Ende 2011 übernahm Nationalrat Pierre-François Veillon (VD) das GPDel-Präsidium. Er gehört wie Maurer der SVP an. Ebenfalls im Dezember geben die beiden Inspektionsleiter ihre Berichte für das laufende Jahr dem NDB ab. Erneut übten sie harte Kritik an Isis. Sie stellten fest, dass die Empfehlungen der GPDel nicht umgesetzt wurden. Gar keine Freude daran hatte dem Vernehmen nach Markus Seiler, Direktor des Nachrichtendiensts des Bundes (NDB). Kurze Zeit später - Ende Januar - enthob Maurer beide Mitarbeiter ihrer bisherigen Funktion.
GPDel mahnt Ueli Maurer
Obwohl GPDel-Präsident Veillon ein Parteikollege Maurers ist, scheint ihm bei der Entlassung nicht ganz wohl gewesen zu sein. Jedenfalls wies er Maurer schriftlich darauf hin, dass die eigentlich unabhängige Aufsicht nicht wegen kritischer Berichte entlassen werden dürfe. Die Stellen wurden inzwischen neu besetzt. Die Funktionsbezeichnungen lassen Rückschlüsse auf die Veränderungen bei der Geheimdienstaufsicht zu: Die bisherigen «Inspektionsleiter» wurden zu einfachen «Inspektoren» degradiert.

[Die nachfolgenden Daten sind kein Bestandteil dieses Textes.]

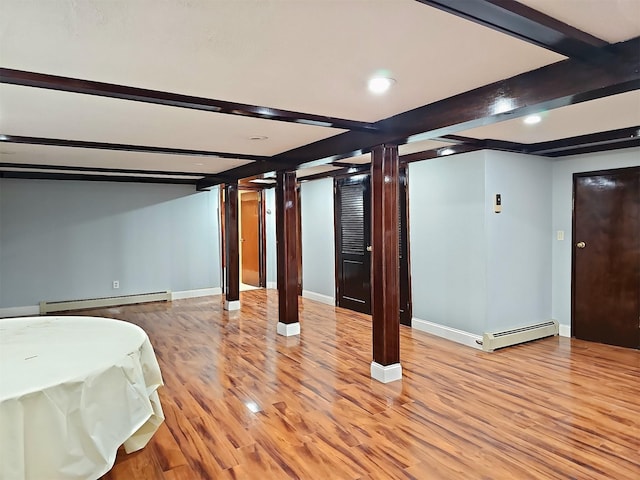 154-70 11th Ave, Whitestone, NY 11357 - finished basement featuring a baseboard radiator, light wood-type flooring, recessed lighting, and baseboards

Das VBS schreibt dazu in einer Stellungnahme, es sei ein zusätzlicher Inspektor mit Erfahrung im Sicherheitsrecht eingestellt worden. Zudem werde die Aufsicht bis mindestens Ende 2012 mit einem erfahrenen Inspektionsleiter verstärkt. «Somit wurden die personellen Vakanzen in der nachrichtendienstlichen Aufsicht bereits nach wenigen Monaten besetzt.» Ironie der Geschichte: Der Fichenskandal in den 80er-Jahren gab den Ausschlag, dass überhaupt erst eine Aufsicht über den Geheimdienst eingeführt wurde. Solch ausufernde Datensammlungen sollten sich nicht wiederholen können. Neue Fichenprobleme trugen nun möglicherweise zu einer Schwächung dieser Aufsicht bei.